• Deux + deux

    NOUVELLES PHOTOS ICI (suite de l'album)

    Quatre jours, deux plus deux – une centaine d'heures pour se construire une certitude : la Birmanie est un pays merveilleux. Ca fait juste un peu plus de quatre jours que je suis ici, et j'en ai déjà eu tant dans les mirettes, le gosier, les feuilles... C'est impressionnant. Du reste, l'autre construction en cours, c'est celle du pays. La ville de Kalaw, où je me trouve, est un vrai chantier. Dans dix ans, que sera devenue cette riante bourgade d'altitude, où l'air frais fait un bien fou ? On t'y monte de l'hôtel, on t'y érige de la résidence, on t'y fabrique du condominium de luxe... A voir.

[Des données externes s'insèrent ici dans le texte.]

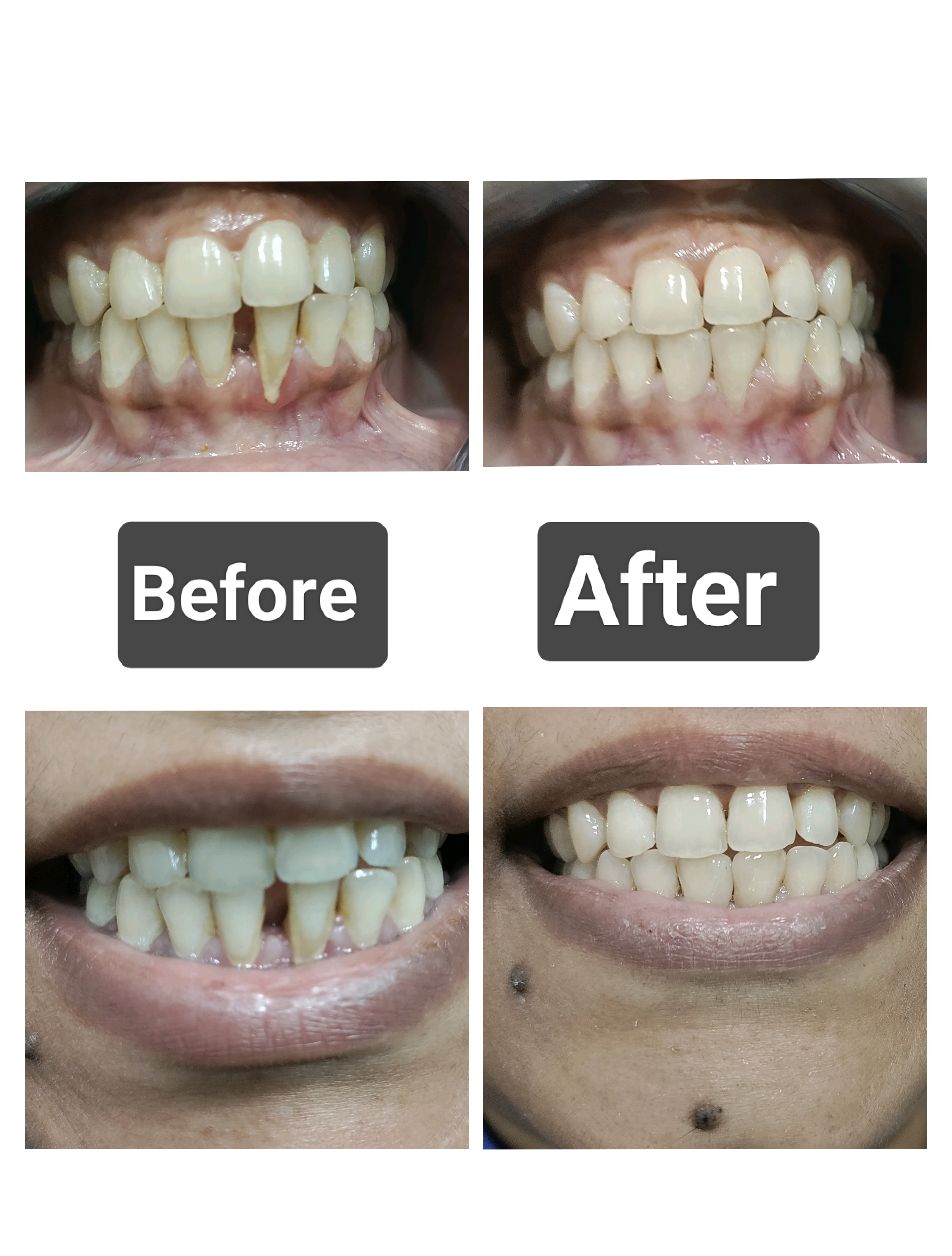 Scaling and Cleaning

    En plus d'une villégiature tempérée, la ville est également le point de départ d'un trek relativement réputé chez les routards, relier le lac Inle, plus à l'est, en parcourant soixante-dix kilomètres à travers champs et montagnes. A cette période de l'année, c'est le gingembre et les légumes verts qui sollicitent l'activité des paysans du coin, que nous croiserons en chemin.

    Légumes verts, gingembre, ce ne sont que quelques uns des produits que l'on pouvait trouver ce matin sur le special market, qui ne se tient que tous les cinq jours et attire les (petits) producteurs de toute la région. On apprécie tous, pour ceux qui ont eu la joie d'y goûter, les marchés tropicaux. Mais celui de Kalaw (prononcer « calot ») a un petit quelque chose de charmant qui le distingue. Immense, il ne rassemble que de tous petits étals, le plus souvent jetés au sol par les agriculteurs pour disposer la production personnelle. L'un a posé un tas de piments rouges qu'il débite également en poudre, de trois calibrages différents. L'autre a arrangé des petits tas de plantes aromatiques que l'on ne trouve pas sous nos cieux, qu'elle arrose régulièrement pour les maintenir au frais. Une autre encore présente des fleurs en petits bouquets posés au sol. De manière très sûre, je lui demande de quelle manière on les cuisine, ou du moins avec quoi (petit cri de cochon de derrière les fagots, entre autres) – d'un air surpris, elle me fait comprendre que non non, c'est juste pour offrir, pour décorer, quoi.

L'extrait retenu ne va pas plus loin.